“Daisy Daisy, Tell Me Your Answer True!
I’m half crazy over the love of you” …Harry Dacre
Today’s Post by Mildred Alpern
Summertime English gardens evoke romance. In fact, in the final scene of the Nora Ephron directed movie, “You Got Mail” (1998) with Meg Ryan and Tom Hanks, both stars meet at the Upper West Side 91st St. Riverside Community Garden in New York City to reveal their e-mail identities and declare their love, while “Over the Rainbow” plays in the background. It is a lovely and romantic scene.

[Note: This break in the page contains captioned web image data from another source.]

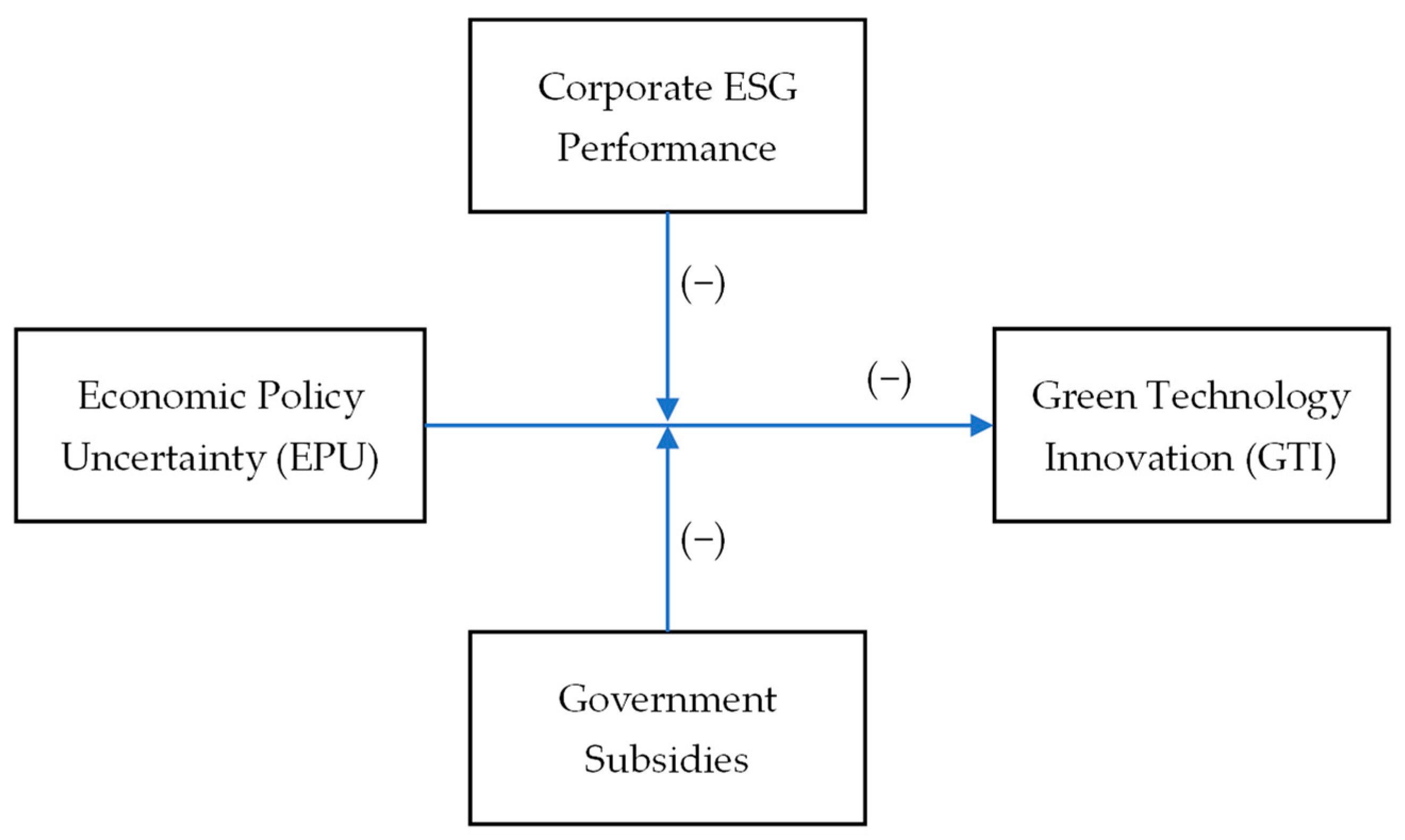 Sustainability 16 04206 g002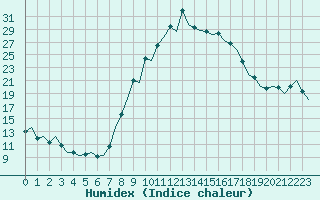 Courbe de l'humidex pour Jerez De La Frontera Aeropuerto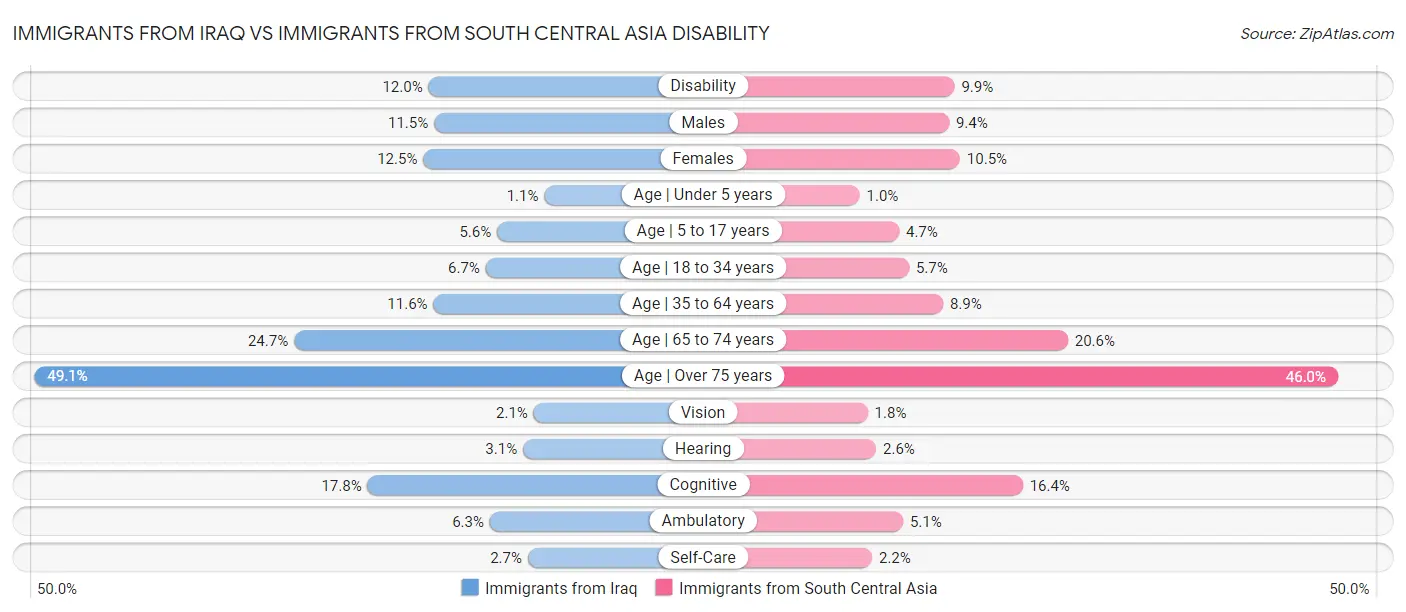 Immigrants from Iraq vs Immigrants from South Central Asia Disability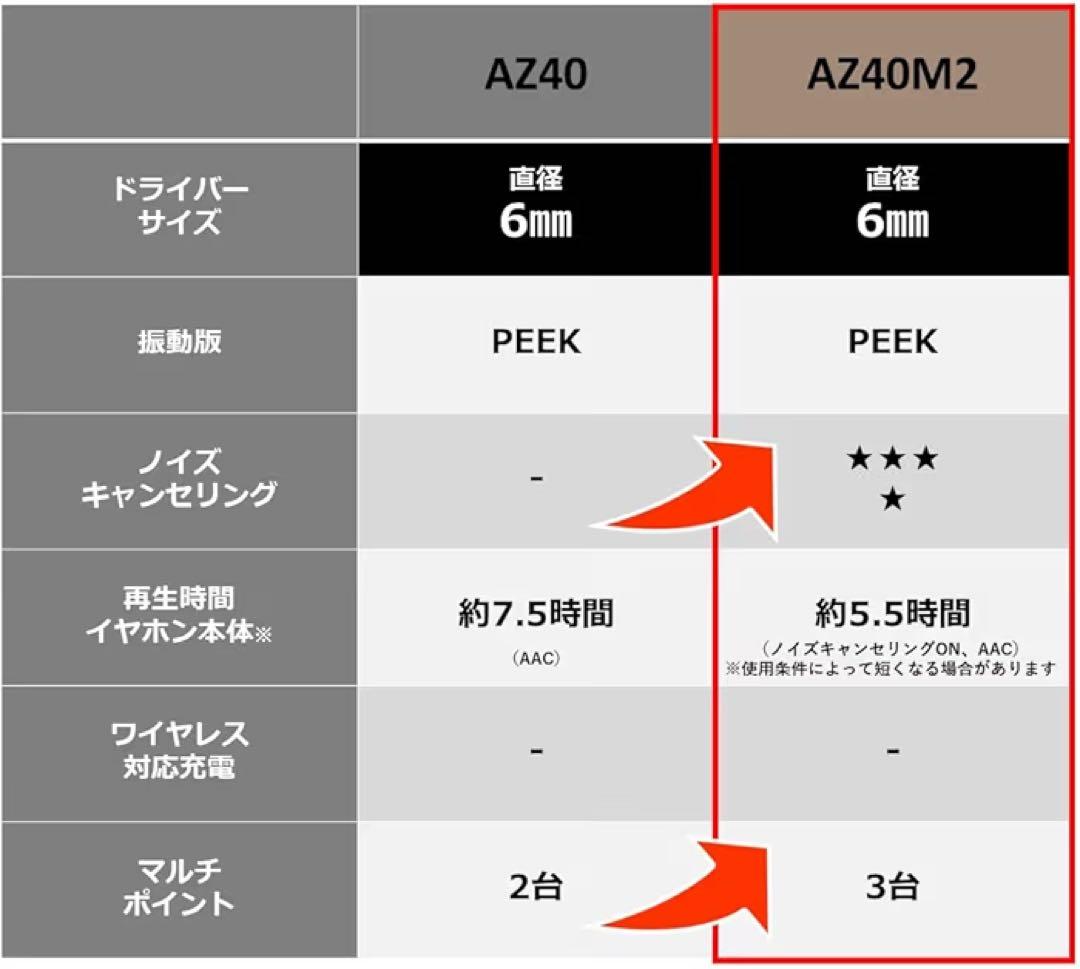Technics EAH-AZ40M2 ワイヤレスイヤホン　ローズゴールド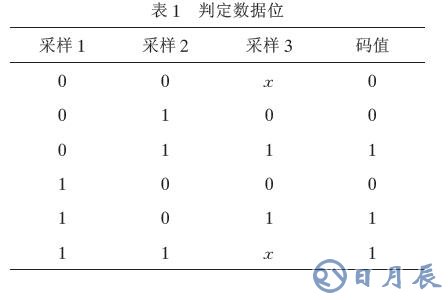 通過單片機的無線通信軟件實現編解碼的解決方案介紹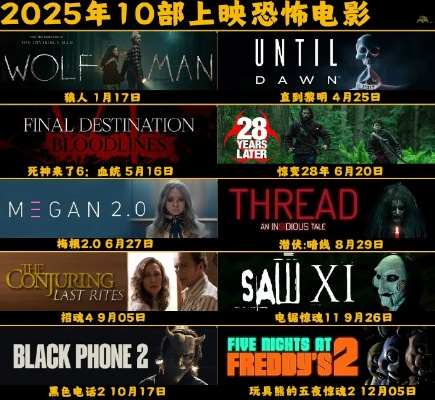 2025年最让人上头的黑暗游戏有哪些？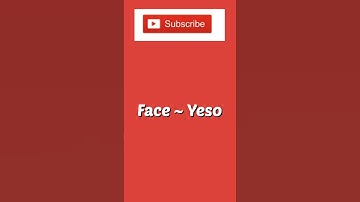 PARTS OF THE BODY IN FULANI | #shorts #fulani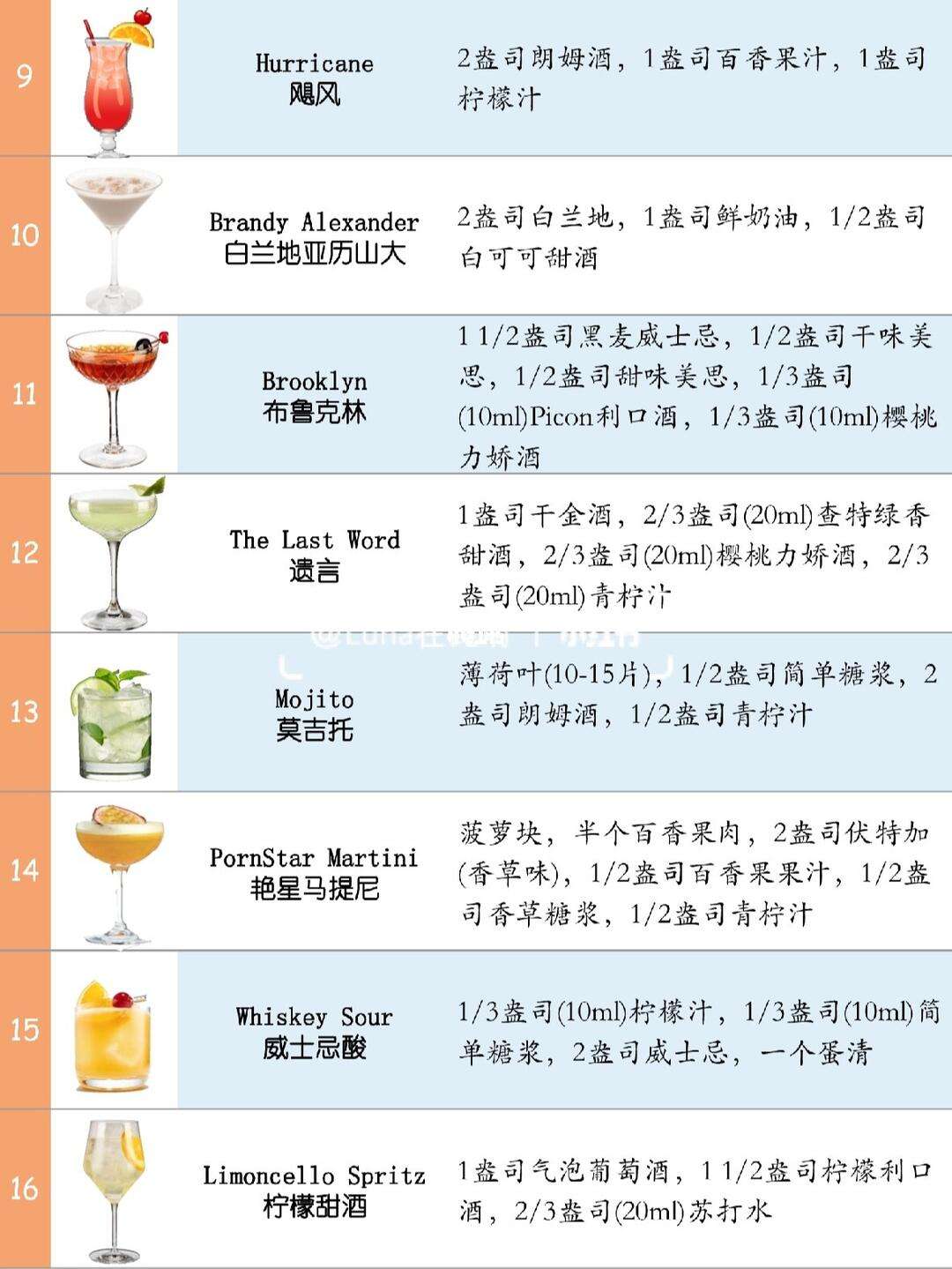 鸡尾酒配方鸡尾酒配方大全教程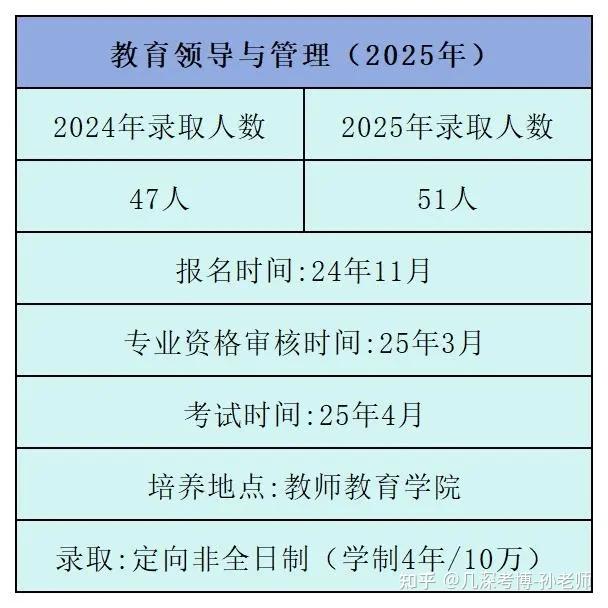 华东师范大学教育博士(教育领导与管理)2026年报考解析 - 知乎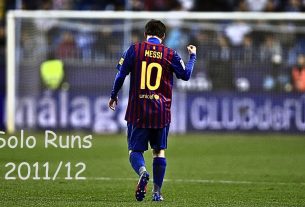 Lionel Messi • Solo Runs 2011/12 | Insane Dribbling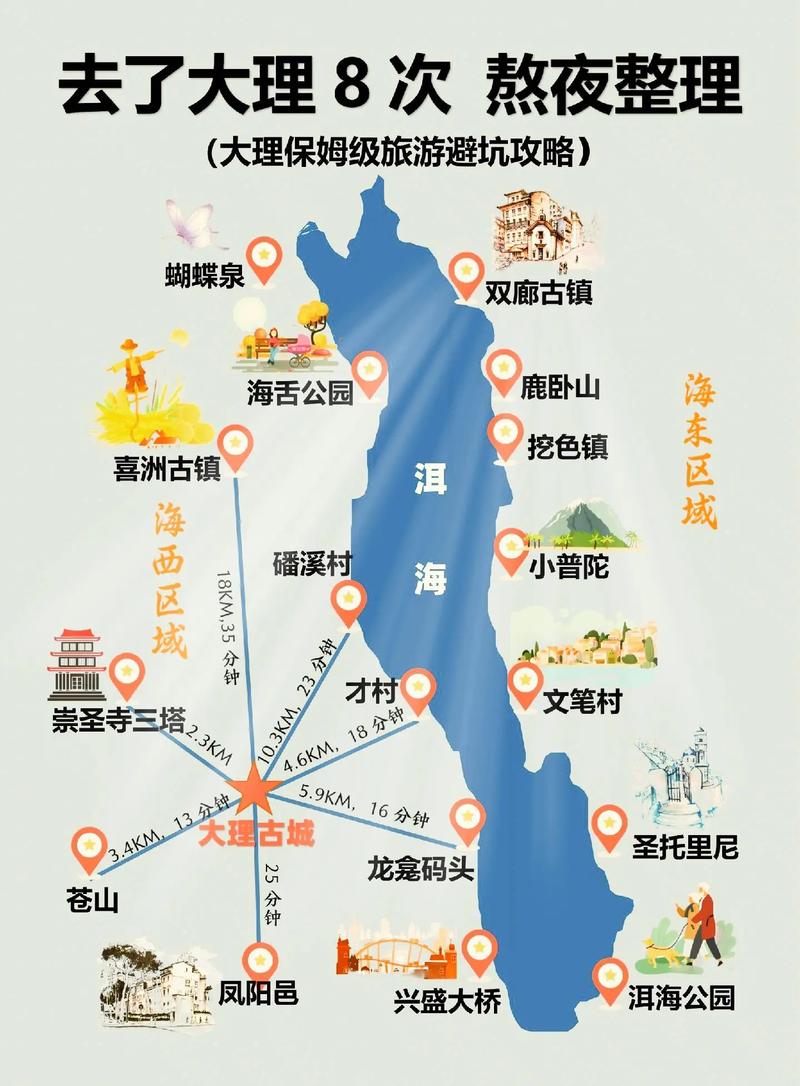 北京到大理旅游，有哪些必去景点和实用攻略？-图3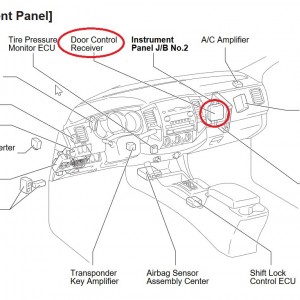 Door Control Receiver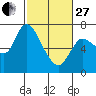 Tide chart for Columbia River, Svensen, Oregon on 2023/02/27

The garden is now blooming with larkspurs, primroses, tiger lilies, astilbes, and other gorgeous flowers as it did at the time of the film shooting. Such gardens are well-tended, tame settings with abundant flowers each in its special place, clustered in patterns of yellow and orange, purple and white. Fenced in, the gardens are “no touch, no pick” sites of open displays for admiring viewers and photographers.
Interestingly enough in an earlier scene of the movie, Tom Hanks visits a sick Meg Ryan, sniffling with a head cold. He brings her daisies and she says, “I love daisies…they’re so friendly. Don’t you think daisies are the friendliest flowers?”
Yes. they are friendly and growing wild in the countryside. By downed logs, in sun and shade, they turn up their little yellow faces enclosed in white petal ruffs and swivel about in random play. They may be picked and gathered for a bouquet with no questions asked. Here is Nature’s untended exhibit, packing an emotional punch of surprising beauty.
For wandering photographers, the hidden byways of summer woods and infrequently trodden paths have reclusive gems scattered about for the taking and the compositional shooting.
Riverside Garden was shot with the Fujifilm X-T1 and 35mm f/1.4 Fujinon XF R lens with an exposure of 1/9500 sec at f/1.4, ISO 400; The Daisies, with the Olympus E-M5 , an 12-40mm f/2.8 Olympus Zuiko Pro lens with an exposure of 1/640 sec at f/4, ISO 400, -2/3 EV.